Pictures and a few words - Devin's frame

If I were building myself a new frame today - I'd do something pretty similar to this (note that I actually am loving my hardtail - another post about that another day).

Devin's frame has:
-100mm fork travel - sort of the standard these days. 80mm just feels like not enough to a lot of folks, myself included. Weird, since I used to ride 26" bikes with 63mm travel SIDs and thought they were awesome. Devin is actually going to use a Fox Talas that adjusts from 95-120mm - so pop the switch, and you change the bike from all-around XC to something a bit more aggro for the big descents.
-Tapered steerer capability. Necessary (Devin's not fat)? No, probably not. But it won't hurt anything, and on the plus side, it'll be wicked stiff.
-Direct mount derailleur. Super smooth shifts.
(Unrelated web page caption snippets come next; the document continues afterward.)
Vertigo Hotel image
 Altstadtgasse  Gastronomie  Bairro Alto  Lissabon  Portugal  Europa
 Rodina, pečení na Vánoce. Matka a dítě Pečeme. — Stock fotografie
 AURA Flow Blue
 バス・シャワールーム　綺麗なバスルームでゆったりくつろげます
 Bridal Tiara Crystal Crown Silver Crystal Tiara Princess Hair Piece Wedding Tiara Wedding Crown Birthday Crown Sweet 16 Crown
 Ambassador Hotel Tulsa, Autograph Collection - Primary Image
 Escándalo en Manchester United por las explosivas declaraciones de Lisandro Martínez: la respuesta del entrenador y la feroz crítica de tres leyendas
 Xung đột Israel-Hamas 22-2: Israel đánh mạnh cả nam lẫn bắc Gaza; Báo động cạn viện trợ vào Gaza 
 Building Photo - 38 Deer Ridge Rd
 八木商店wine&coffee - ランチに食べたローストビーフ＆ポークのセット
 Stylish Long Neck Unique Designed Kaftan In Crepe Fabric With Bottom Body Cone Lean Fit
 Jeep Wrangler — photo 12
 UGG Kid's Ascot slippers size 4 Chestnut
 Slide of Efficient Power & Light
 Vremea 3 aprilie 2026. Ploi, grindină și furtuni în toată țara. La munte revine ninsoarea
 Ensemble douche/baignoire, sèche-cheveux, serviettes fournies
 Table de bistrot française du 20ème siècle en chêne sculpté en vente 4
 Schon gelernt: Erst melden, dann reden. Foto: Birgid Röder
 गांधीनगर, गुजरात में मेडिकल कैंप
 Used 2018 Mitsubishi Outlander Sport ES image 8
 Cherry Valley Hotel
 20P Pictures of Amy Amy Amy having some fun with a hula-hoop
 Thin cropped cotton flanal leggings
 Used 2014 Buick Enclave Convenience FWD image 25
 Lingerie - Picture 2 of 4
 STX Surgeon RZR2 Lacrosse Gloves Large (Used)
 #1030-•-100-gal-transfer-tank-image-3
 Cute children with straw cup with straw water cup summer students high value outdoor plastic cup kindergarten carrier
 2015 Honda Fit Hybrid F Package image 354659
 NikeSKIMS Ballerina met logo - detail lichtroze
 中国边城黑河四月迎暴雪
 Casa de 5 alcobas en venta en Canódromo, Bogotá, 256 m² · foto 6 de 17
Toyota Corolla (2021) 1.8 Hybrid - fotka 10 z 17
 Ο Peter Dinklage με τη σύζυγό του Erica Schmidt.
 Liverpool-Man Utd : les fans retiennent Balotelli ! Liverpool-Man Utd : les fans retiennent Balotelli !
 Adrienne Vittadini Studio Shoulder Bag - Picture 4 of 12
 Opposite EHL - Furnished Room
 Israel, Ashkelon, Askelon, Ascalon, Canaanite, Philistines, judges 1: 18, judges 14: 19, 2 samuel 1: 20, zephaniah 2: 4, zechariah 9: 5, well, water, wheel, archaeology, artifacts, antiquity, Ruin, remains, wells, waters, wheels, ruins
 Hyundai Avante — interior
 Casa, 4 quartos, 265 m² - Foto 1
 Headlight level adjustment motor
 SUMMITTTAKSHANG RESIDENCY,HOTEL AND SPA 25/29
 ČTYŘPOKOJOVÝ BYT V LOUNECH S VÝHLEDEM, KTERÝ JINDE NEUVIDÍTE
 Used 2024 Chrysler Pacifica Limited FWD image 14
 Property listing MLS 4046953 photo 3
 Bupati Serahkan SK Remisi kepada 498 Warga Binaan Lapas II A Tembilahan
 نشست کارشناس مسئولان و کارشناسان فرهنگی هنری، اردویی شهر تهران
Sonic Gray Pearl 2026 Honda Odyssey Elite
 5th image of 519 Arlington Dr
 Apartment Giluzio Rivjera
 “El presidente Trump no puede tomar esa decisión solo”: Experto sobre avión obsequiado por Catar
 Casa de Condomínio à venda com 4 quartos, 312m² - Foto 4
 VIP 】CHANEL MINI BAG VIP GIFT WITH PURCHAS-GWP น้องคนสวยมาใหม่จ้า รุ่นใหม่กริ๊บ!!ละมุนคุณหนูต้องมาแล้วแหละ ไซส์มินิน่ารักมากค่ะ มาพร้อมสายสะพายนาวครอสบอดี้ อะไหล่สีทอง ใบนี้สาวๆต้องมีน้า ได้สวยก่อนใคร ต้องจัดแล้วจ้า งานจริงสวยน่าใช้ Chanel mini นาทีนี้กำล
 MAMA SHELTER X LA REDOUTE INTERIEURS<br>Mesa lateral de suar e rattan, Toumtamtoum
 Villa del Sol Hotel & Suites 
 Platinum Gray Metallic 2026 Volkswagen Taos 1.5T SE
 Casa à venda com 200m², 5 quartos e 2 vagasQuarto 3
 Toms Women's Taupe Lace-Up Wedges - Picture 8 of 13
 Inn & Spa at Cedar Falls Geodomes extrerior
I have actually moved away from doing these for super-short chainstay hardtails, because they've got a lot of dangly bits that get in the way of the tire (bummer) but this is an all-around XC setup with medium/long 44.5cm chainstays, so that's not an issue. And the shifting is excellent.
-Low disc mount dropouts. Easy to work with (win for me), cool to look at, and highly functional. Devin's not running a rack on this bike, but if he was, these would be the choice as well, because the caliper stays out of the way of the rack mounts. Note the downtube brake routing.
-S-bend stays, just to be cool.

New photo location - sort of a mug shot theme, I guess. The garage door is at least white so there's some contrast, but once again, my photography is awful.

6 comments:

Unknown said...

are the headtube rings a new feature?

Walt said...

Good eye. Those actually are the lips of the adapters I use to hold the head tube in the fixture (it wasn't designed with this size of headtube in mind).

So not actually rings. IMO, no need for them. The 44mm head tube stock is heat treated 1.25mm wall - that's beefy enough for pretty much anything.

Fort James said...

Do you need a tapered fork to take advantage of the larger headset?

Walt said...

Hey Ft. James - you can run it with a tapered steerer, or use an inset headset and run a 1 1/8. So it will work either way, though with the inset setup, the stack height is about 10mm lower (so steepens the HTA by half a degree).

It's really intended for a tapered setup, but you can certainly run a non-tapered fork too if needed.

t-roy said...

Sweet ride! You put the direct mount derailleur mount on my short chainstay pisgah slayer machine and it works great. Of course I machined off the dangly unneeded crap on the front derailleur.
I like the idea of the TALAS and may upgrade to one in the future after lil t-roy is born. I find myself running my u-turn around those 2 settings quite a bit. Shorter one on the local xc stuff and climbing in the mtns. Topped out for killing it downhill. Makes sense to me.

Walt said...

Hey Troy -

Yes, the direct mounts are good if you put a cable stop on. The integrated stop is just annoying.

I am loving my Talas fork (on my FS bike). Flip to short travel for climbing, flip to long travel for descending. Super easy.